When you copy the entries, keep every word exactly as it is and drop the images.

EXERCISE MATERIAL START

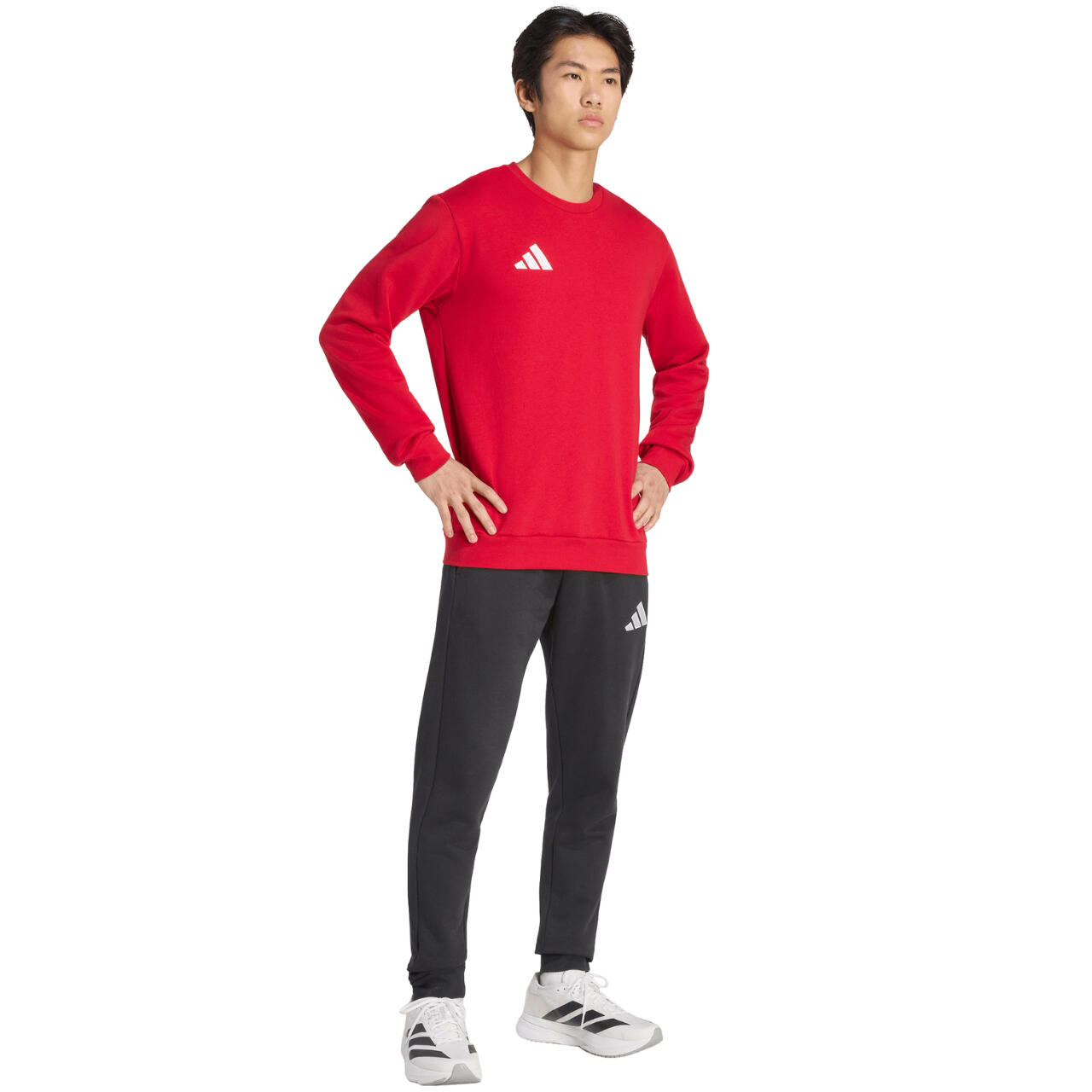 Entrada26 Sweat Top 6/6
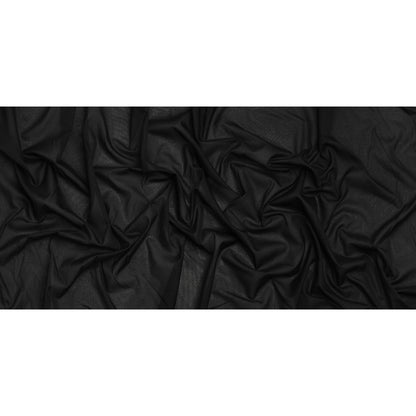 Woven Fusible Interlining Single Side by Alice and Olivia - Black - Made in America Full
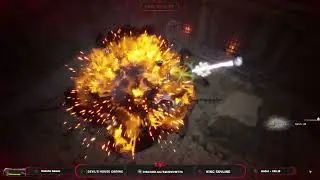 Osiris Roguelike 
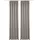 OTTO home Verdunkelungsvorhang OTTO HOME "Solana, Gardinen mit Kräuselband, Vorhänge, Wohnzimmer, modern" Gr. 2, beige (sand), B:140cm H:175cm, Polyester, Gardinen, 2er-Set Verdunklungsvorhang mit Thermofunktion, Bestseller, einfarbig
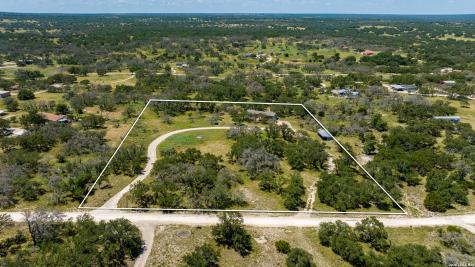 429 Spanish Oak Harper TX 78631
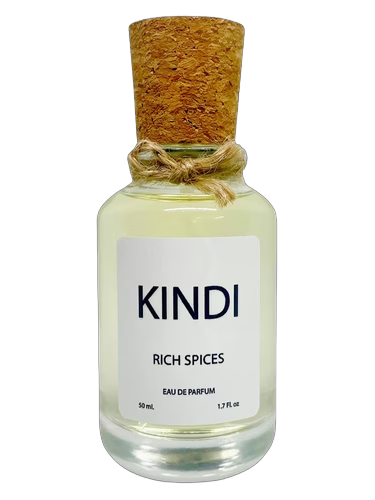 Rich Spices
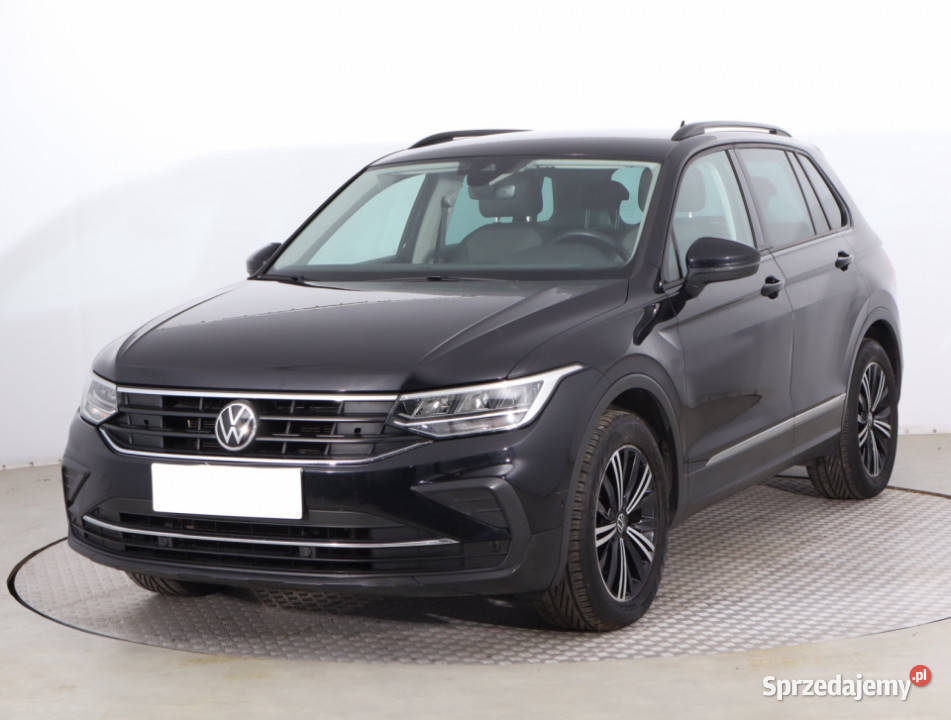 VW Tiguan 20 TDI czujnik parkowania mazowieckie sprzedam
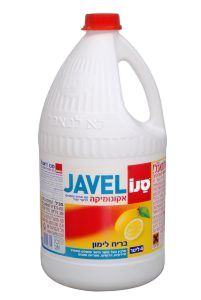 סנו JAVEL לימון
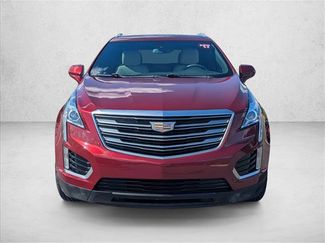 Used 2017 Cadillac XT5 FWD video 2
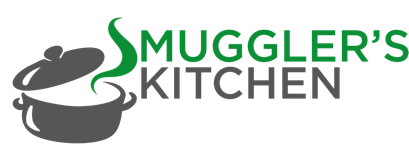 Logo Smugglers Kitchen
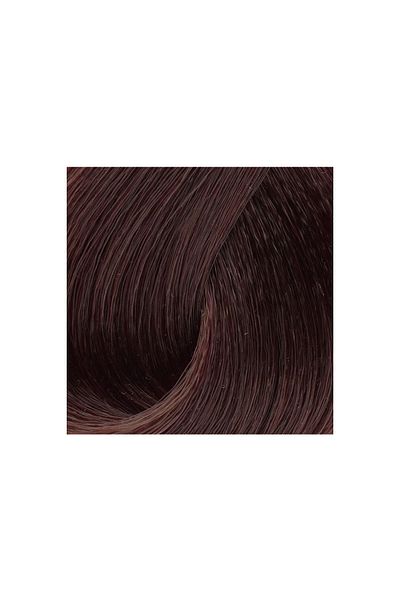 Neva Color Set of 2 Premium 5 Light Brown - Permanent Cream Hair Dye 2 X 50 g Tubes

EXERCISE MATERIAL END

> _SOLUTION FOR THIS EXERCISE_
 Entrada26 Sweat Top 6/6
 Woven Fusible Interlining Single Side by Alice and Olivia - Black - Made in America Full
 Osiris Roguelike 
 OTTO home Verdunkelungsvorhang OTTO HOME "Solana, Gardinen mit Kräuselband, Vorhänge, Wohnzimmer, modern" Gr. 2, beige (sand), B:140cm H:175cm, Polyester, Gardinen, 2er-Set Verdunklungsvorhang mit Thermofunktion, Bestseller, einfarbig
 429 Spanish Oak Harper TX 78631
 Rich Spices
 VW Tiguan 20 TDI czujnik parkowania mazowieckie sprzedam
 סנו JAVEL לימון
 Used 2017 Cadillac XT5 FWD video 2
 Logo Smugglers Kitchen
 Neva Color Set of 2 Premium 5 Light Brown - Permanent Cream Hair Dye 2 X 50 g Tubes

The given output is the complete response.